Now there’s no shortage of books that treat one or more of these questions. Yet some books are scholarly monographs that systematically review the scientific findings without sufficient concrete illustrations for the main points. Others are trade books that rely on ample anecdotes to get their points across, but often with the most minimal connection with the actual science of genius. My book negotiates an intermediate path. Although deeply grounded in the latest scientific results, abundant examples convert the abstractions into a rich narrative. In addition, rather than use the citation formats favored by the scientific disciplines, everything scholarly is hidden in the endnotes; not a single stuffy superscript to be found anywhere. Better yet, to render the science more accessible, I’ve tried to incorporate tongue-in-cheek humor throughout. This humor is most immediately apparent in the book’s title, subtitle, and chapter titles (aka “tips”). In fact, if it’s not obvious from the dust jacket, let me just say it out loud: This book is something of a parody of the all too numerous self-help pieces that fill up the online and brick bookstores.

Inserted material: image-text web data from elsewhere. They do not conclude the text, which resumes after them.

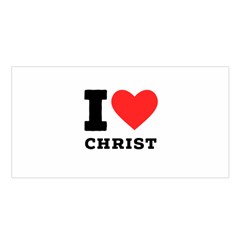 I Love Christ Satin Shawl 45  X 80  by ilovewhateva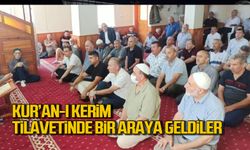 Vatandaşlar Kur’an-ı Kerim tilavetinde bir araya geldi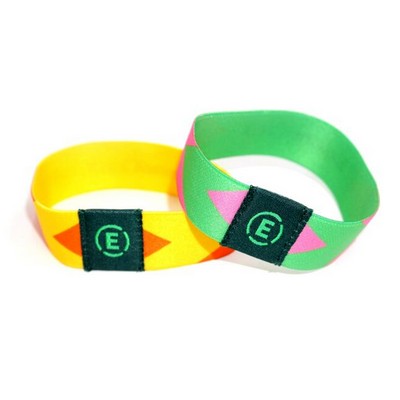 Full Color 5/8" Fabric Wristband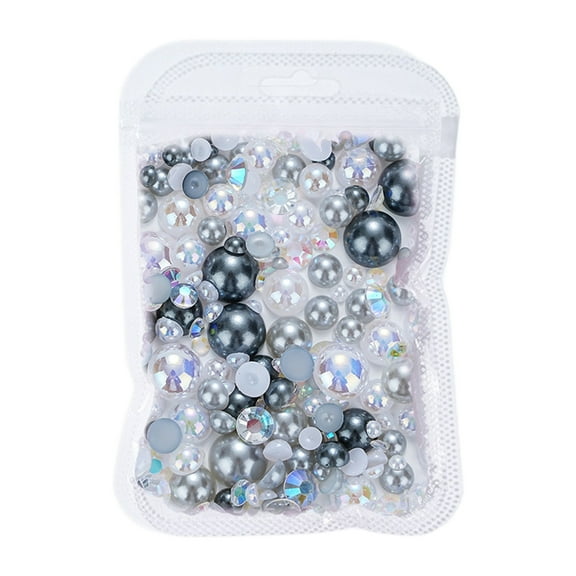 Flatback Half Round Nail Pearls Nail Beads for Jewelry Making Nail Rhinestones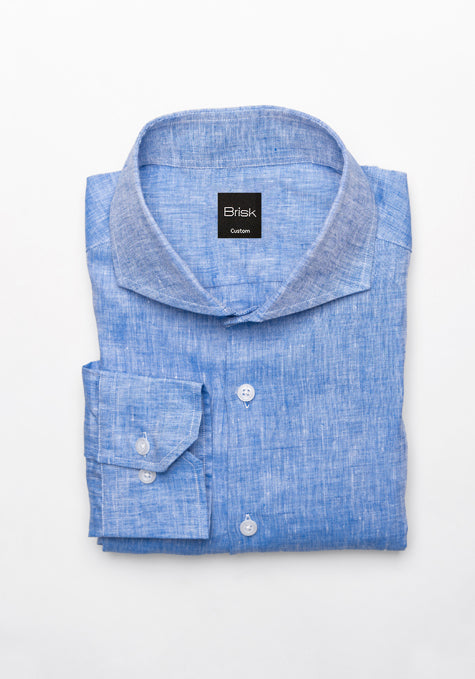 Italian Blue Linen Shirt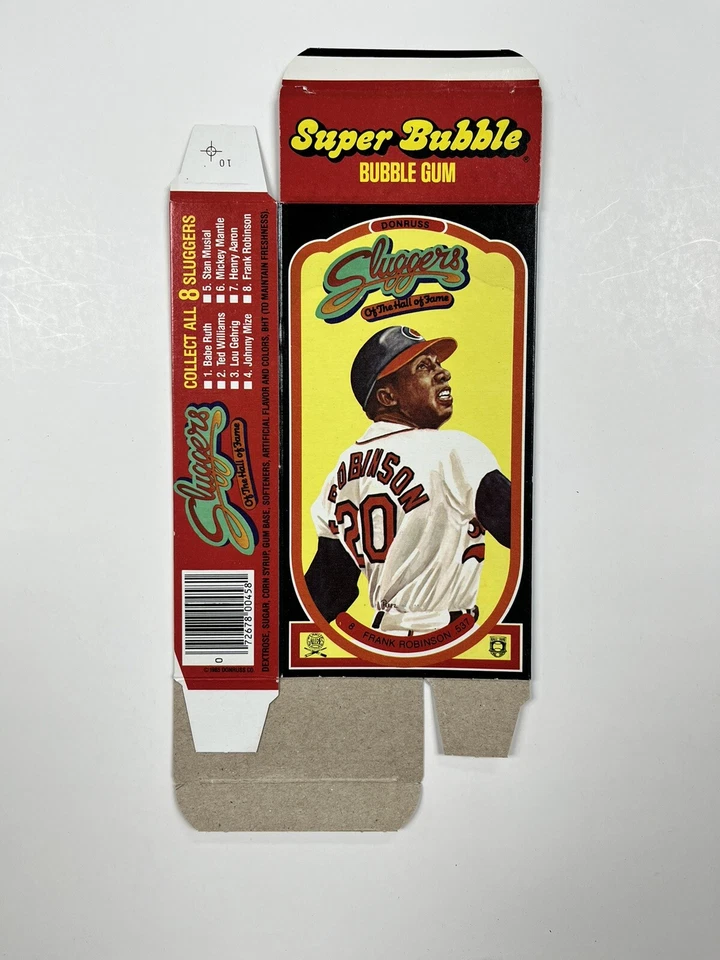 Donruss Bubble Gum 1985 caja vacía - Frank Robinson 6 cajas buen estado Foto 2 de 4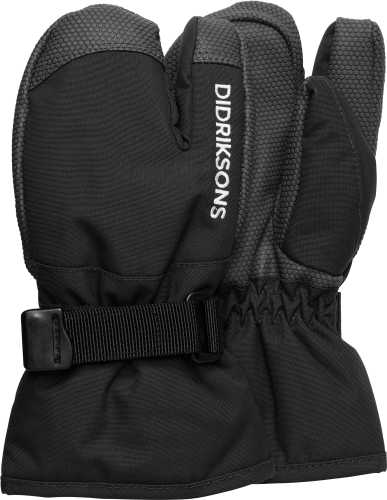 Didriksons Kids' Fossa Gloves 3 Black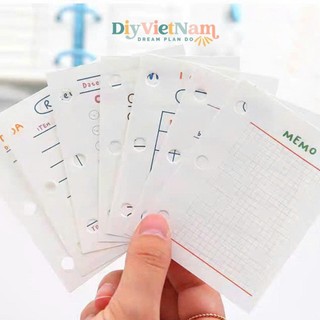 GIẤY MÀU REFILL SỔ MINI 3 CÒNG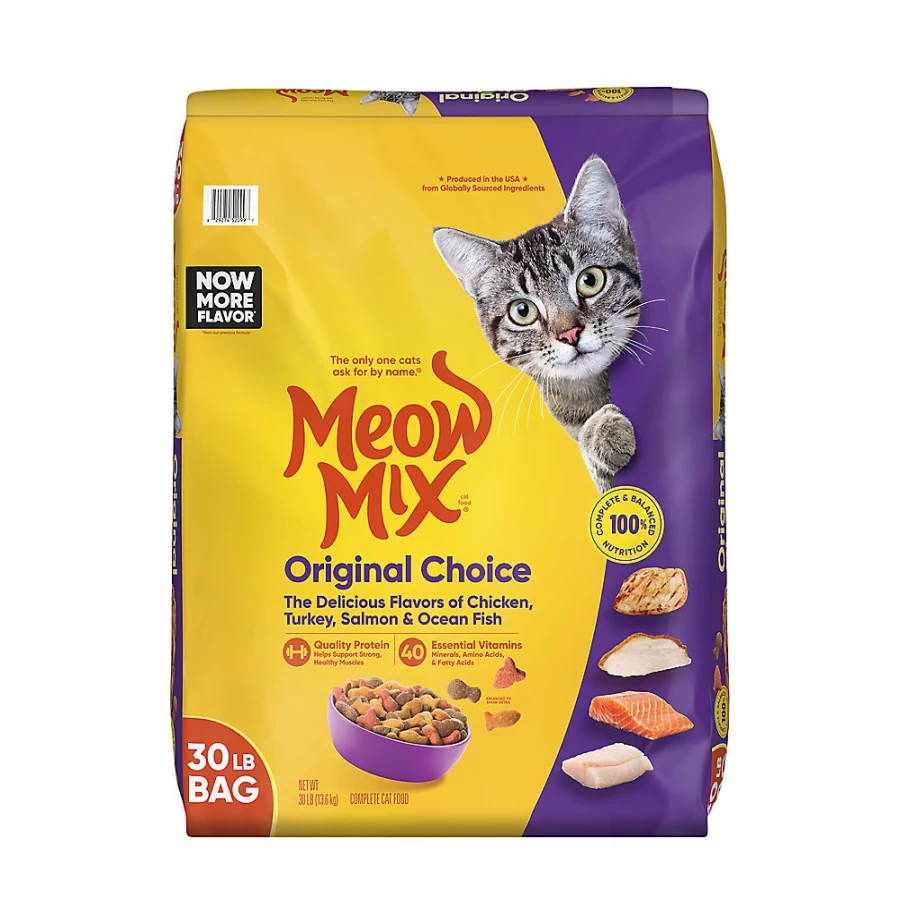 PetSmart Meow Mix Original Choice Dry Cat Food - Chicken, Turkey, Salmon & Ocean Fish Blend for All Life Stages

One warning, though. Some books are designed for dipping. Readers can open up the volume at any page and find something of interest; that author’s presentation thus consists of relatively isolated tidbits. That practice won’t work for a book like mine, where the material is organized in a logical order. Sections build upon earlier sections, and even upon sections that appeared in previous chapters. The upside of this integration is a more coherent understanding of creative genius. That benefit justifies the regimen.